Don’t be envious of the elite and what they have, because many of them have it because they have sold themselves to get fame, or connections, or money, or power, or all of these things. They have enslaved themselves to a system that offers them everything to entice them in, but gives them nothing they can take with them, when the system is done with them. Think of how men like Epstein were cast away when they were no longer useful, or how famous actors, famous for making us laugh, take their lives because they live in the pit of despair, surrounded by every luxury we can imagine.
They have believed the lie, that the devil gave to Jesus, ‘submit to him and he will give you the world.’ Only to find out that the devil is cruel with his followers. And the world of the elites is a cruel one. It’s all about glamour, money, fame, and the destruction of that which we all hold dear, our souls, and the beauty of the simple things of life, that God offers us.
This does not mean, that floating around in that high strata world, are some people who have stayed true to themselves, and not sold out, but they are the exception. Because that whole level of social strata is designed to corrupt you, tempt you, and get you to sell their lie and perpetuate their grip on power.
Don’t envy the elites. Like Dicken’s sit back and observe how truly corrupt they are, and how ill fitted they are for the day of judgement. As Mary says in Luke 1:51-53 –
“51 He has shown strength with his arm; he has scattered the proud in the thoughts of their hearts; 52 he has brought down the mighty from their thrones and exalted those of humble estate; 53 he has filled the hungry with good things, and the rich he has sent away empty.”

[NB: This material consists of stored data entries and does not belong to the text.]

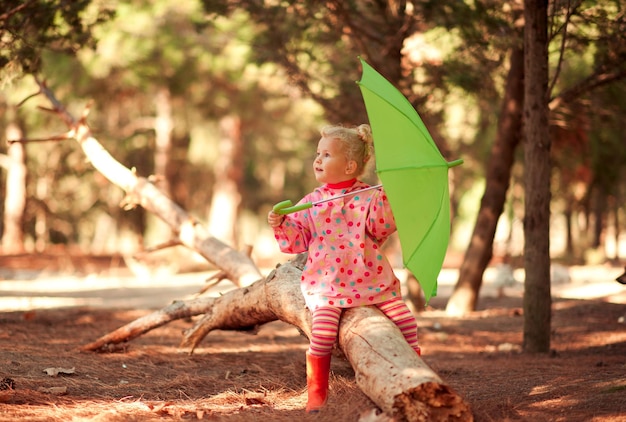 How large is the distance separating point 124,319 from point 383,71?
15.3ft

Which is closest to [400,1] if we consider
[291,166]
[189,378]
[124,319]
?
[124,319]

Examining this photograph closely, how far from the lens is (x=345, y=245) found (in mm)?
4566

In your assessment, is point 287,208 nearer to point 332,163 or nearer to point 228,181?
point 332,163

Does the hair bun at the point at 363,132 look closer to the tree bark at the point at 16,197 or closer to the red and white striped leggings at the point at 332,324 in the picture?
the red and white striped leggings at the point at 332,324

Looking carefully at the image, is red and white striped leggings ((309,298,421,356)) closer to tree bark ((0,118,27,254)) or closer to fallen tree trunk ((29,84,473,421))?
fallen tree trunk ((29,84,473,421))

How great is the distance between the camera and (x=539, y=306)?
7035 mm

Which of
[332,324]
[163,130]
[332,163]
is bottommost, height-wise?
[332,324]

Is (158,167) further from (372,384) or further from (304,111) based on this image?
(372,384)

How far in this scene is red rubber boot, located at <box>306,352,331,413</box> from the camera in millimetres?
4418

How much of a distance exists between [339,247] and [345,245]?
4cm

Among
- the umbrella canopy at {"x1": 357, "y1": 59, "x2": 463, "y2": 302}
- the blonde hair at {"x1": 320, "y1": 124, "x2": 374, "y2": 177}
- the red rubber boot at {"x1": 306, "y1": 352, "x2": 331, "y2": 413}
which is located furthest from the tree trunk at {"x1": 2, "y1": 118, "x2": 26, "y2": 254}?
the umbrella canopy at {"x1": 357, "y1": 59, "x2": 463, "y2": 302}

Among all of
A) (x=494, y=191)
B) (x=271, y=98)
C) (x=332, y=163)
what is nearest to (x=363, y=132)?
(x=332, y=163)

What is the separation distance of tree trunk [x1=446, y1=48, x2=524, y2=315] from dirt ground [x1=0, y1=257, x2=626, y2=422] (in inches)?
40.1

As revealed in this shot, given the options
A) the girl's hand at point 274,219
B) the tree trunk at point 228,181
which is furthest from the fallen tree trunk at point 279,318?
the tree trunk at point 228,181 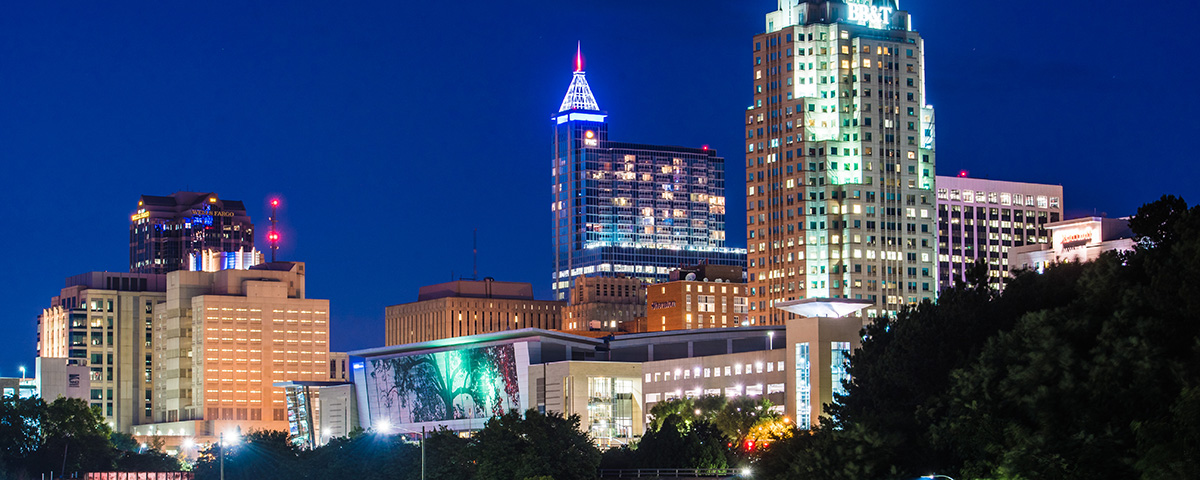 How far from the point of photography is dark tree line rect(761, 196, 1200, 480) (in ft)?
280

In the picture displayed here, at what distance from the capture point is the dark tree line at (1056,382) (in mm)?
85250

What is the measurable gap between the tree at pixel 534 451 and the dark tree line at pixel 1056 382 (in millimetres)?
44666

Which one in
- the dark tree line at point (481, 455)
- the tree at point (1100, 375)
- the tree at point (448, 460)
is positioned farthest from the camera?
the tree at point (448, 460)

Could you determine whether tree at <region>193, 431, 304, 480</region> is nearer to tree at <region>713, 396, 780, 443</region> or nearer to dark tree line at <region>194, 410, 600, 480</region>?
dark tree line at <region>194, 410, 600, 480</region>

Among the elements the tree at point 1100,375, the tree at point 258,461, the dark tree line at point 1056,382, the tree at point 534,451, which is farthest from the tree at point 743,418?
the tree at point 1100,375

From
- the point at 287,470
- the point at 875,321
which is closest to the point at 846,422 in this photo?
the point at 875,321

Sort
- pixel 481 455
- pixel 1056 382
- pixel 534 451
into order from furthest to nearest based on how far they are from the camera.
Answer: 1. pixel 481 455
2. pixel 534 451
3. pixel 1056 382

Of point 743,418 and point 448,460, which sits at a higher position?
point 743,418

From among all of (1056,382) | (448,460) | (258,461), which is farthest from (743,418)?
(1056,382)

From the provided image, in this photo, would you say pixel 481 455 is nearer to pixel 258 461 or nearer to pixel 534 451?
pixel 534 451

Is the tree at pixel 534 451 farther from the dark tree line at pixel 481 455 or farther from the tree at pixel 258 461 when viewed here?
the tree at pixel 258 461

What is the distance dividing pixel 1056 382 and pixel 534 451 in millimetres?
70301

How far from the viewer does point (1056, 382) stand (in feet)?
298

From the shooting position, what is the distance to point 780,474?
11581 cm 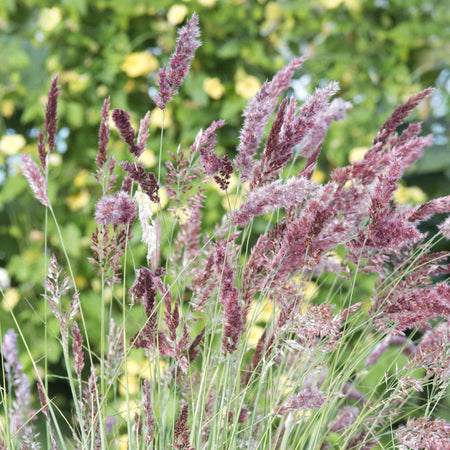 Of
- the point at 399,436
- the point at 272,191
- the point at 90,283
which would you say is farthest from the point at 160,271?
the point at 90,283

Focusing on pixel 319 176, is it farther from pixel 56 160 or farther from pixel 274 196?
pixel 274 196

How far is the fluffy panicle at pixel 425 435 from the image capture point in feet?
2.68

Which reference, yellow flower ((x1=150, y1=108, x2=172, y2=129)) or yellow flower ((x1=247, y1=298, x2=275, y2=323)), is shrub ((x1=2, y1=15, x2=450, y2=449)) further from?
yellow flower ((x1=150, y1=108, x2=172, y2=129))

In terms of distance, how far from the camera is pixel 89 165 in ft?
7.10

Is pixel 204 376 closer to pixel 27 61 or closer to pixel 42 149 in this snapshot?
pixel 42 149

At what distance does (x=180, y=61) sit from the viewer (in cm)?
83

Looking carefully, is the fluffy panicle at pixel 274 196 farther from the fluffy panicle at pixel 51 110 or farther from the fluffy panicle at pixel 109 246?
the fluffy panicle at pixel 51 110

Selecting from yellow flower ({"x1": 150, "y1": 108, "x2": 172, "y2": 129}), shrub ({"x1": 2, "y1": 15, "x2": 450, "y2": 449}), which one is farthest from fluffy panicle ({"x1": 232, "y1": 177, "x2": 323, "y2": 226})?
yellow flower ({"x1": 150, "y1": 108, "x2": 172, "y2": 129})

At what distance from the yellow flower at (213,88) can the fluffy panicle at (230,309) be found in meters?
1.32

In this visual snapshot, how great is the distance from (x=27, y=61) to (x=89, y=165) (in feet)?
1.33

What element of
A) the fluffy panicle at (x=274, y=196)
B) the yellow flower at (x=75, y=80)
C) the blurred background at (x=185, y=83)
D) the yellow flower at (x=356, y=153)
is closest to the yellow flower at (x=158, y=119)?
the blurred background at (x=185, y=83)

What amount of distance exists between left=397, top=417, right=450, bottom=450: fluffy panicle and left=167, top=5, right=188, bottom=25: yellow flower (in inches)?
61.0

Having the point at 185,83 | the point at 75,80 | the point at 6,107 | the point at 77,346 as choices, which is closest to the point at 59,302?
the point at 77,346

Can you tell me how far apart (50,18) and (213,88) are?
Result: 603mm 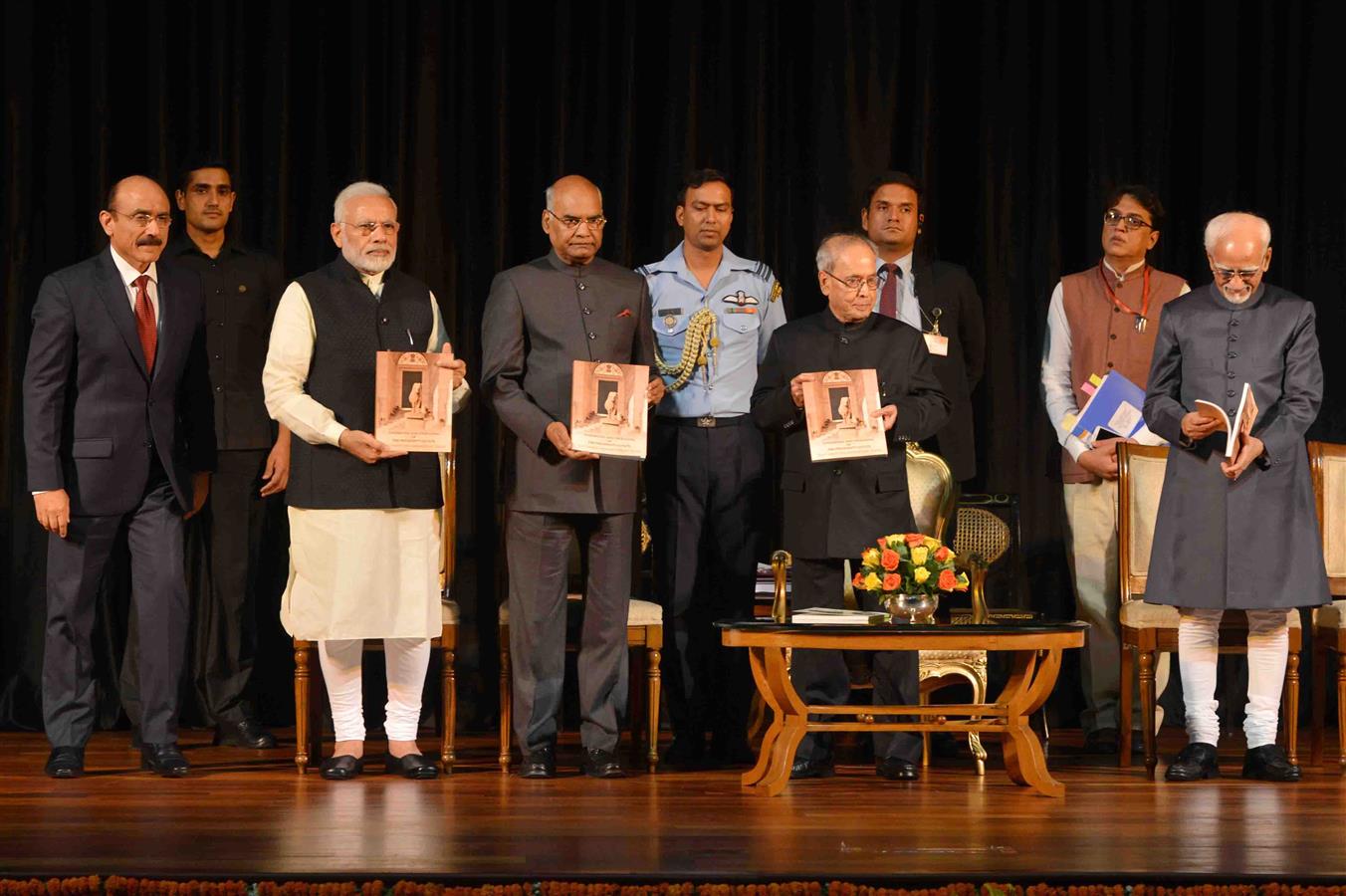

Don’t envy the elite, pity them, as you would pity anyone whose eyes are so distracted by glitter they cannot see their end. And trust in the God who promises to clothe you with the garments that count on judgement day, the garment of Jesus’ righteousness.
“3 For I was envious of the arrogant when I saw the prosperity of the wicked. 16 But when I thought how to understand this, it seemed to me a wearisome task, 17 until I went into the sanctuary of God; then I discerned their end. 18 Truly you set them in slippery places; you make them fall to ruin. 19 How they are destroyed in a moment, swept away utterly by terrors!” (Psalm 73:3, 17-19)
List of References
Dickens, Charles 1967, A Tale of Two Cities, Heron Books, London.